Tiny MSCOCO2017 Dataset
May 1, 2024 ยท View on GitHub
Welcome to the Tiny COCO Dataset repository :blush:. This project aims to provide a simplified and fast-to-use version of the extensive COCO dataset for quick debugging and development of image processing models. The base version of this dataset contains exactly one image per category, making it lightweight and perfect for testing algorithms quickly.
About COCO
The COCO (Common Objects in Context) dataset is a large-scale object detection, segmentation, and captioning dataset. COCO is widely used in the machine learning community for benchmarking state-of-the-art models.
About Tiny COCO
The Tiny COCO Dataset is a subset of the full COCO dataset and has been structured to provide immediate access to a smaller, more manageable collection of images across all categories. This is ideal for:
- Rapid Prototyping: Quickly test and debug models without the overhead of working with tens of gigabytes of data.
- Educational Purposes: Learn model building with a real-world dataset without significant hardware limitations.
Base Version
The base version of this dataset includes:
- 1 image per category for both training (train) and validation (val) sets.
- Annotations in COCO format that correspond to these images.
Data Customization
Users are encouraged to generate customized versions of the dataset with more images per category, depending on specific requirements. The repository includes Python scripts to facilitate this process.
Usage
:wink: Note that the Tiny COCO dataset is a subset of the original COCO dataset. To use the Tiny COCO dataset, you must first download the full COCO2017 dataset from the official website.

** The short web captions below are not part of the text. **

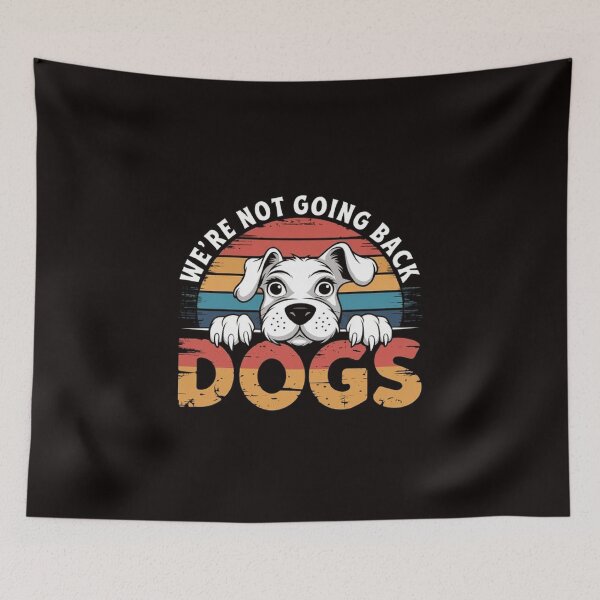 Item preview, Vintage Retro White Dog T-Shirt: 'We’re Not Going Back' Bold Typography Design designed and sold by masteryStore.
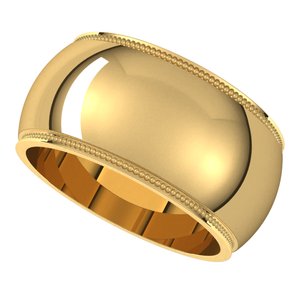 14K Yellow 10 mm Milgrain Half Round Edge Band Size 9 - BN & CO JEWELRY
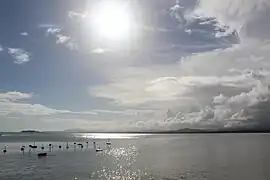 View of Cayo Santiago and Sierra de Luquillo, January 2023.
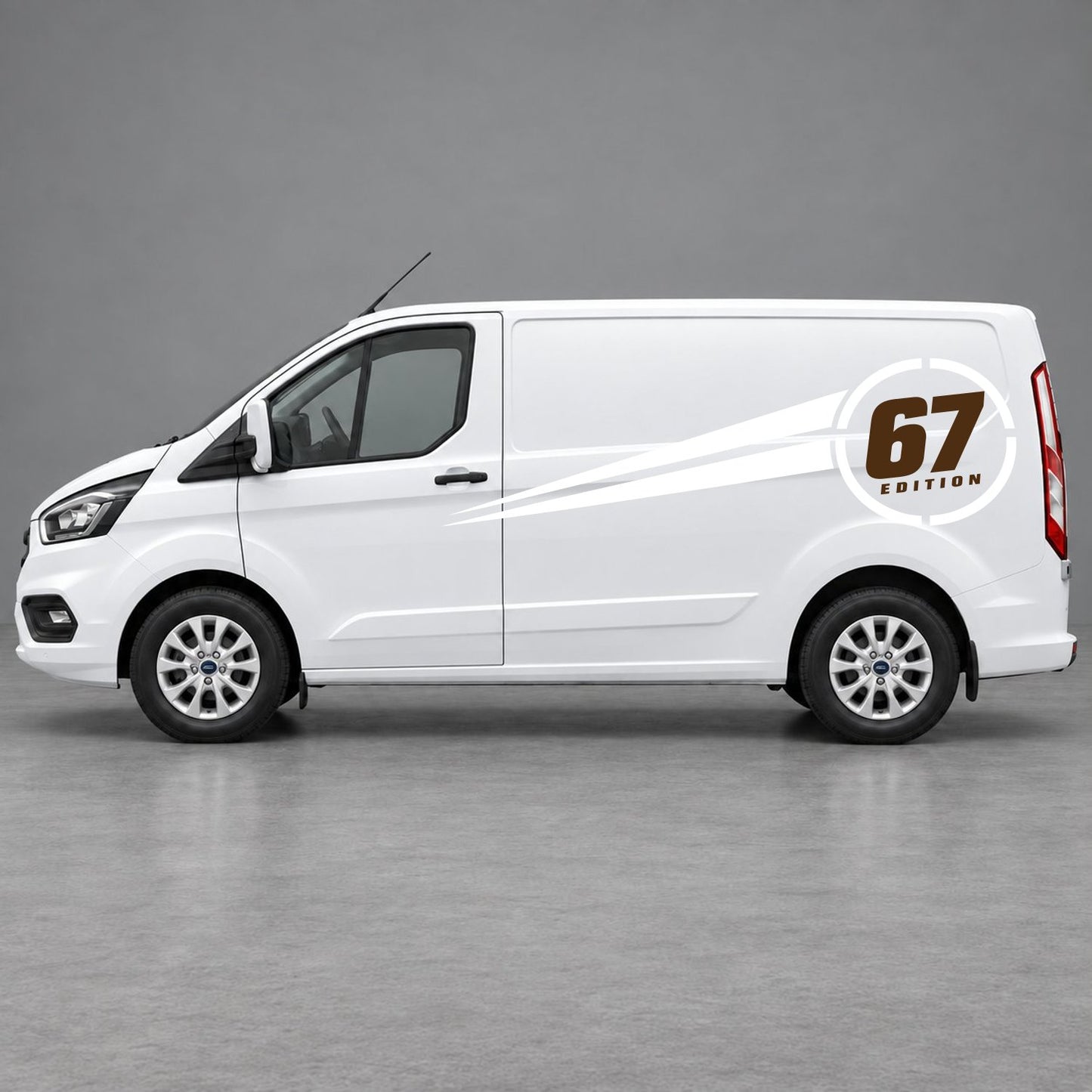 Ford Transit Custom Personalised Number Edition Side Stripes in White & Brown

The downloaded dataset should be structured as follows:
train2017/
000000000009.jpg
000000000025.jpg
...
val2017/
000000000139.jpg
000000000285.jpg
...
annotations/
instances_train2017.json
instances_val2017.json
...
Clone this repository
git clone https://github.com/zzowenzz/COCO_Tiny.git
cd COCO_Tiny
Set up the environment
pip install -r requirements.txt
Run the scripts
python make_dataset.py \\
--coco_path [path to the original MSCOCO2017 dataset] \\
--mini_path data/COCO_Tiny [path to save the Tiny COCO dataset] \\
--num_img [number of images per category]
For example, to generate a Tiny COCO dataset with 1 image per category:
python make_dataset.py \\
--coco_path [path to the original MSCOCO2017 dataset] \\
--mini_path data/COCO_Tiny [path to save the Tiny COCO dataset] \\
--num_img 1
Contributions
Contributions to this project are welcome! Please consider the following ways to contribute:
- Improvements: Suggestions for improving the dataset or scripts.
- Bug Reports: Identify and report issues in the dataset generation script.
- Documentation: Enhancements to the README or additional guidelines.
License
No license for this dataset. Feel free to use it for any purpose. For more, please refer to the Terms of Use of the COCO dataset.